Could you print each entry below verbatim while omitting the pictures?

Pictures with short captions:
-- Opening Marker --

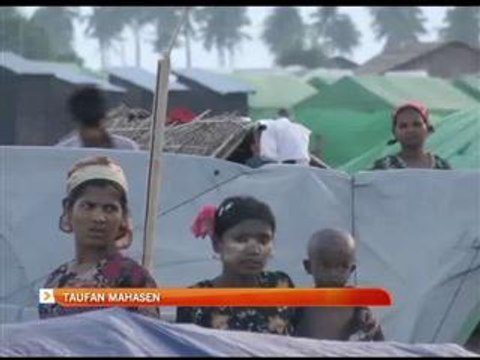 Taufan Mahasen di Myammar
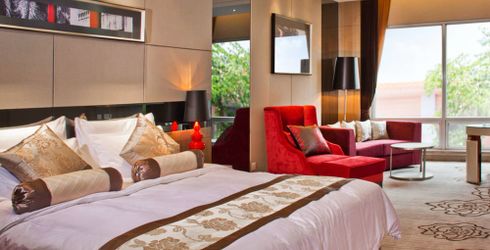 hotel room image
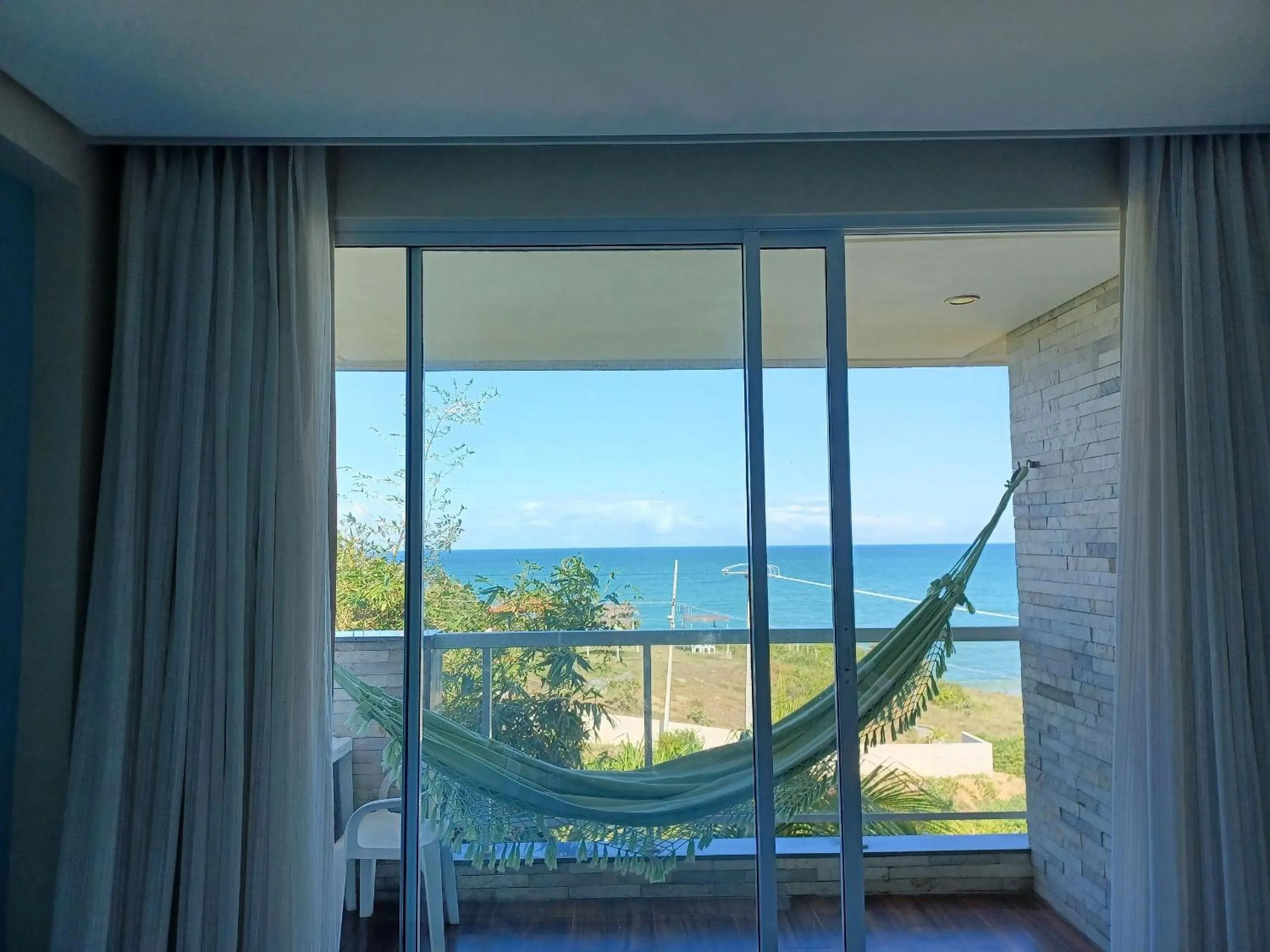 Natural landscape in Pousada Laguna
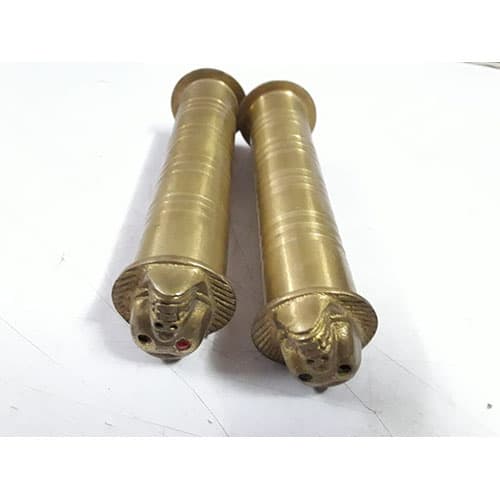 BRASS COMPLETE ACCESSORIES KIT FOR BULLET ROYAL ENFIELD SET OF 21 ZADON-  Motorcycle Parts For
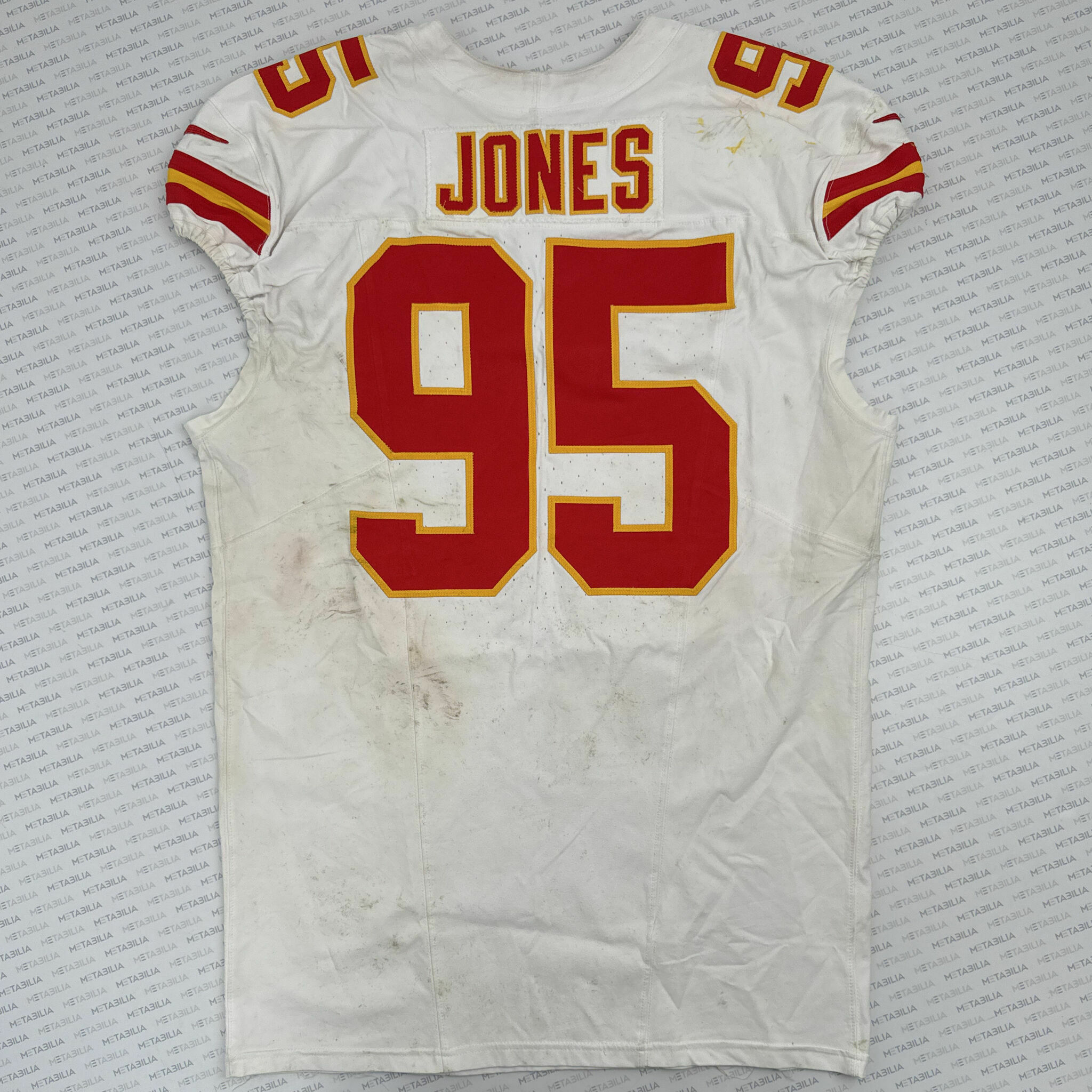#95 JONES Game-Worn Jersey from BRAZIL vs LAC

-- Closing Marker --

[SOLVED EXERCISE]:
 Taufan Mahasen di Myammar
 hotel room image
 Natural landscape in Pousada Laguna
 BRASS COMPLETE ACCESSORIES KIT FOR BULLET ROYAL ENFIELD SET OF 21 ZADON-  Motorcycle Parts For
#95 JONES Game-Worn Jersey from BRAZIL vs LAC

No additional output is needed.